Re: [UNVERIFIED SENDER] Re: [PATCH 0/9] arm64: Stolen time support

From: Alexander Graf
Date: Wed Aug 14 2019 - 10:52:50 EST




On 14.08.19 16:19, Marc Zyngier wrote:
On Wed, 14 Aug 2019 14:02:25 +0100,
Alexander Graf <graf@xxxxxxxxxx> wrote:



On 05.08.19 15:06, Steven Price wrote:
On 03/08/2019 19:05, Marc Zyngier wrote:
On Fri, 2 Aug 2019 15:50:08 +0100
Steven Price <steven.price@xxxxxxx> wrote:

Hi Steven,

This series add support for paravirtualized time for arm64 guests and
KVM hosts following the specification in Arm's document DEN 0057A:

https://developer.arm.com/docs/den0057/a

It implements support for stolen time, allowing the guest to
identify time when it is forcibly not executing.

It doesn't implement support for Live Physical Time (LPT) as there are
some concerns about the overheads and approach in the above
specification, and I expect an updated version of the specification to
be released soon with just the stolen time parts.

Thanks for posting this.

My current concern with this series is around the fact that we allocate
memory from the kernel on behalf of the guest. It is the first example
of such thing in the ARM port, and I can't really say I'm fond of it.

x86 seems to get away with it by having the memory allocated from
userspace, why I tend to like more. Yes, put_user is more
expensive than a straight store, but this isn't done too often either.

What is the rational for your current approach?

As I see it there are 3 approaches that can be taken here:

1. Hypervisor allocates memory and adds it to the virtual machine. This
means that everything to do with the 'device' is encapsulated behind the
KVM_CREATE_DEVICE / KVM_[GS]ET_DEVICE_ATTR ioctls. But since we want the
stolen time structure to be fast it cannot be a trapping region and has
to be backed by real memory - in this case allocated by the host kernel.

2. Host user space allocates memory. Similar to above, but this time
user space needs to manage the memory region as well as the usual
KVM_CREATE_DEVICE dance. I've no objection to this, but it means
kvmtool/QEMU needs to be much more aware of what is going on (e.g. how
to size the memory region).

You ideally want to get the host overhead for a VM to as little as you
can. I'm not terribly fond of the idea of reserving a full page just
because we're too afraid of having the guest donate memory.
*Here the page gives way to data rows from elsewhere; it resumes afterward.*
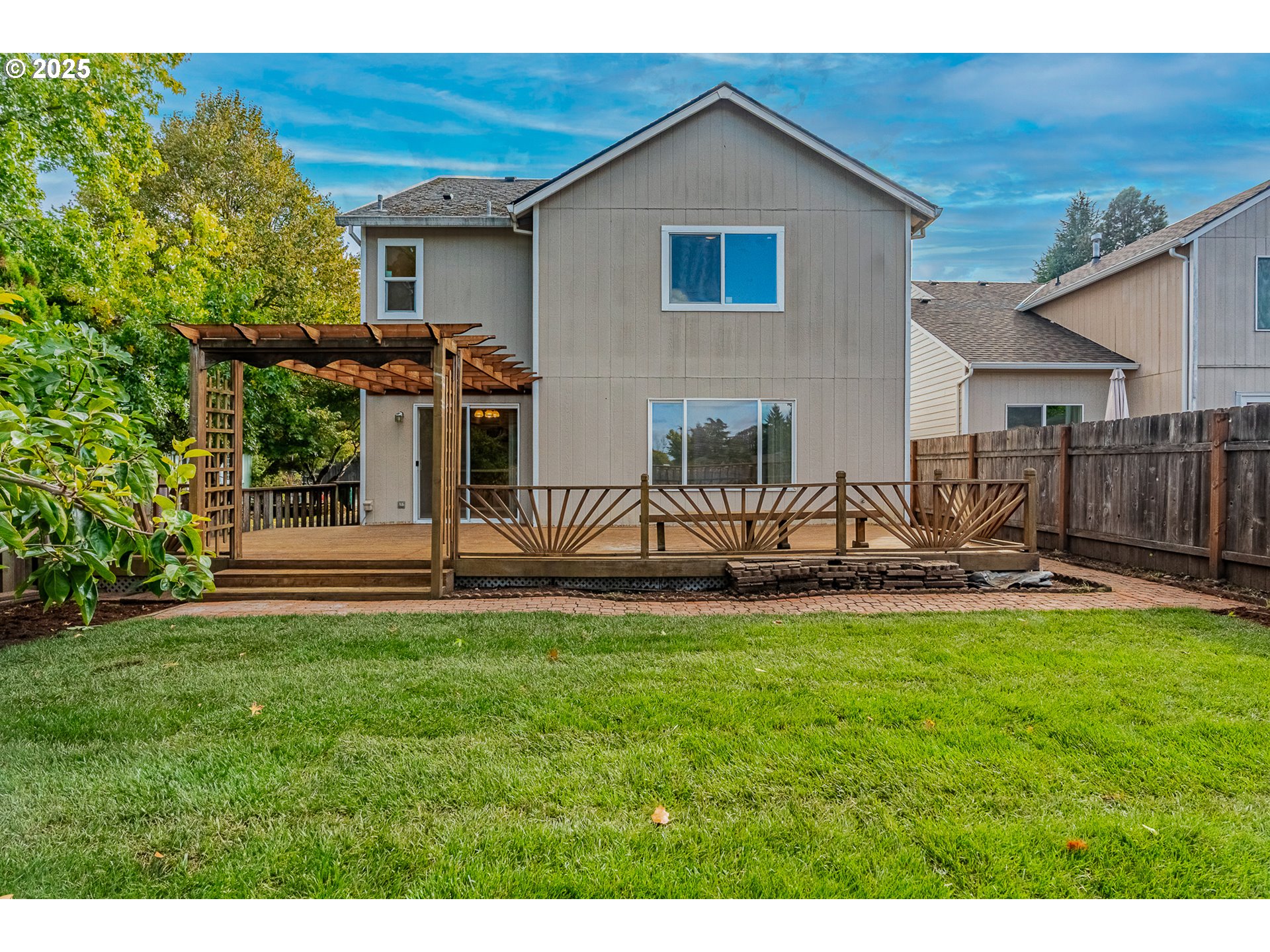 17349 SW KANDREA CT, Beaverton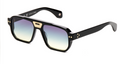 Lunettes de soleil AndyBrook Ross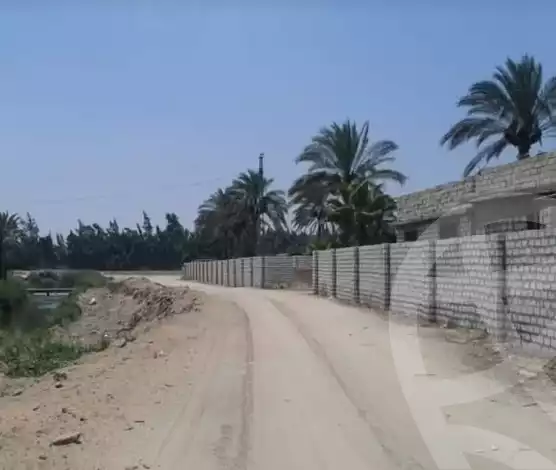 https://aqarmap.com.eg/en/listing/5938984-for-sale-beheira-new-nubariya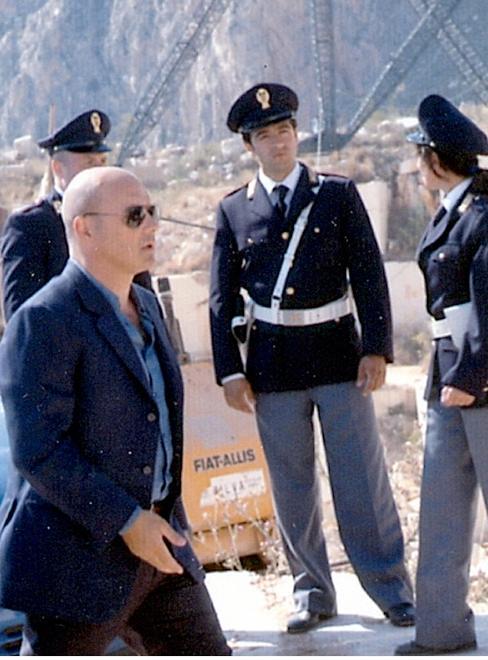 L’estate è il tempo del mistero Ecco la collana dei grandi gialli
Well, reduce the amount of memory you give to the guest by one page,
and allocate that page to the stolen time device. Problem solved!

Seriously, if you're worried about the allocation of a single page,
you should first look at how many holes we have in the vcpu structure,
for example (even better, with the 8.4 NV patches applied). Just
fixing that would give you that page back *per vcpu*.

I'm worried about additional memory slots, about fragmenting the cachable guest memory regions, about avoidable HV taxes.

I think we need to distinguish here between the KVM implementation and the hypervisor/guest interface. Just because in KVM we can save overhead today doesn't mean that the HV interface should be built around the assumption that "memory is free".


3. Guest kernel "donates" the memory to the hypervisor for the
structure. As far as I'm aware this is what x86 does. The problems I see
this approach are:

a) kexec becomes much more tricky - there needs to be a disabling
mechanism for the guest to stop the hypervisor scribbling on memory
before starting the new kernel.

I wouldn't call "quiesce a device" much more tricky. We have to do
that for other devices as well today.

And since there is no standard way of doing it, we keep inventing
weird and wonderful ways of doing so -- cue the terrible GICv3 LPI
situation, and all the various hacks to keep existing IOMMU mappings
around across firmware/kernel handovers as well as kexec.

Well, the good news here is that we don't have to keep it around ;).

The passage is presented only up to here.